In addition to the regular cast, English singer Victoria Beckham guest starred in the episode as the wife of King Neptune, Queen Amphitrite. The writers created the role of a Queen Amphitrite especially for Beckham. The former Spice Girl accepted the role because her sons, Brooklyn, Romeo, and Cruz, love the show, were excited when their mother told them of the role, and looked forward to watching the episode with her.

Beckham recorded the voice-over in late-2008 in a day, and claimed that she was "thrilled" to provide the vocal cameo. Other guests including Seinfeld actor John O'Hurley also made a vocal cameo in the episode as King Neptune, and Skid Row heavy metal vocalist Sebastian Bach as the voice of Triton.

Ideas for casting guest voices often come from the writers and executive producer, said Sarah Noonan, vice president of talent and casting for Nickelodeon. Steven Banks told "But the harder part was for Sebastian. I was so pleased that he really could sound like a pimple-faced, snotty teenager." Nickelodeon animation president Brown Johnson said "We're happy to have such a talented and eclectic group of celebrities lend their voices to this SpongeBob special[...] Victoria [Beckham], John [O'Hurley] and Sebastian [Bach] truly brought Bikini Bottom's royal family to life."

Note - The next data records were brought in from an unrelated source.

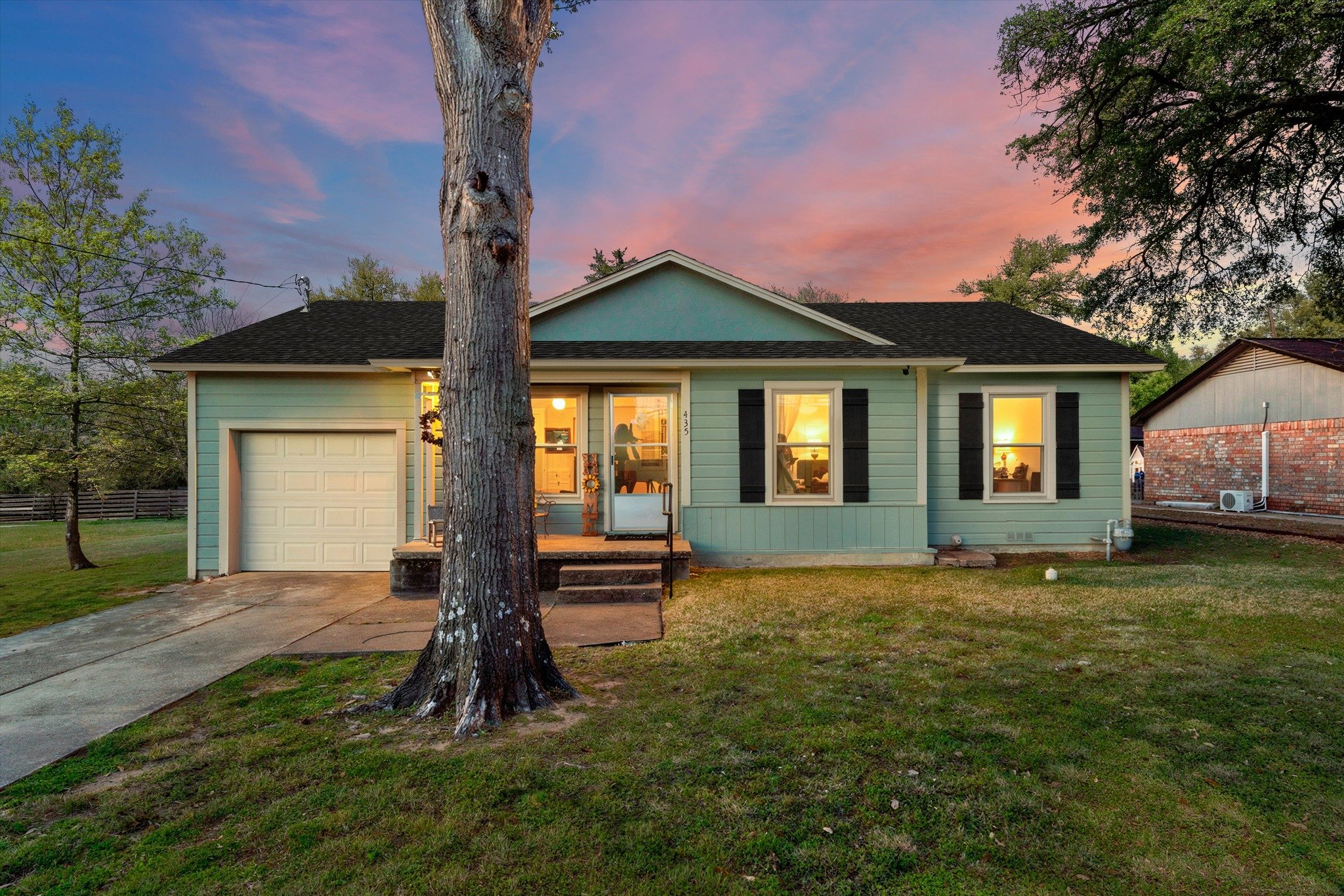 NEW LISTING!!!

Welcome to this beautifully home that blends modern upgrades with timeless charm. Featuring new exterior paint, new window world windows and a recently installed roof, this property offers peace of mind and standout curb appeal from t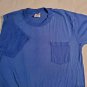 McGregor Men Blue Pocket Tee Shirt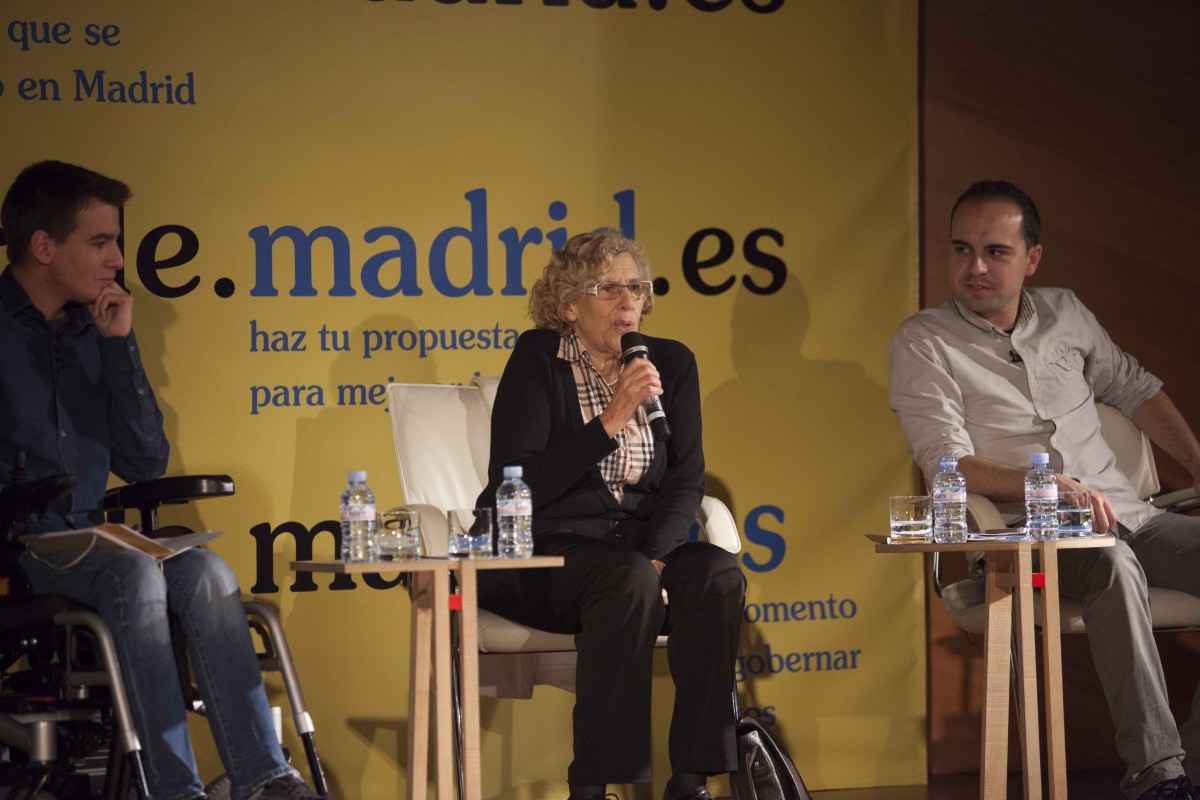 La reforma de la Plaza de España la deciden los ciudadanos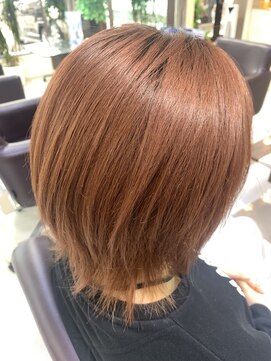 パティオ 三島店(PATIO) 春色ピンクカラーソフトウルフ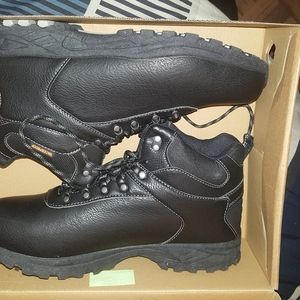 Mens waterproof boots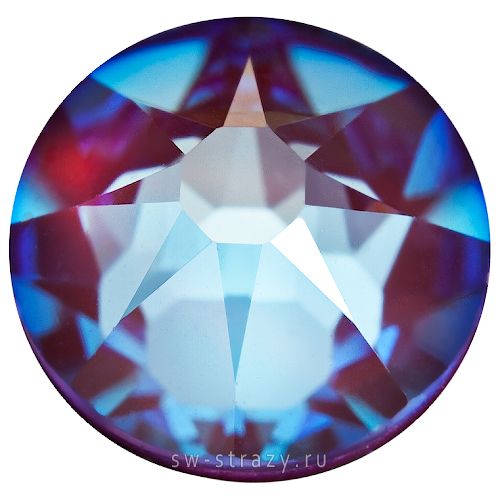 2088 ss 30 Crystal Burgundy Delite F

On July 13, 2010, the episode became available on DVD titled Triton's Revenge as Paramount Home Entertainment and Nickelodeon announced its release. The DVD features six other episodes including "Sand Castles in the Sand", "Shell Shocked", "Chum Bucket Supreme", "Single Cell Anniversary", "Tentacle-Vision", and "I Heart Dancing", and special features such as shorts of the episode and Fanboy & Chum Chum episodes. It was also released in the series' season six DVD compilation. On June 4, 2019, "The Clash of Triton" was released on the SpongeBob SquarePants: The Next 100 Episodes DVD, alongside all the episodes of seasons six through nine.

==Reception==
The premiere of "The Clash of Triton" drew 2.8 million kids 2–11, 2.0 million kids 6–11, 1.5 million teens 9–14 and 5.2 million total viewers age 2+ for Nickelodeon. SpongeBob.com had its most trafficked week in 2010 with 1.4 million unique visitors, 15.1 million page views, and 5.7 million total game sessions. Additionally, the new Nick Game of the Week based on the special generated 1.2 million game sessions.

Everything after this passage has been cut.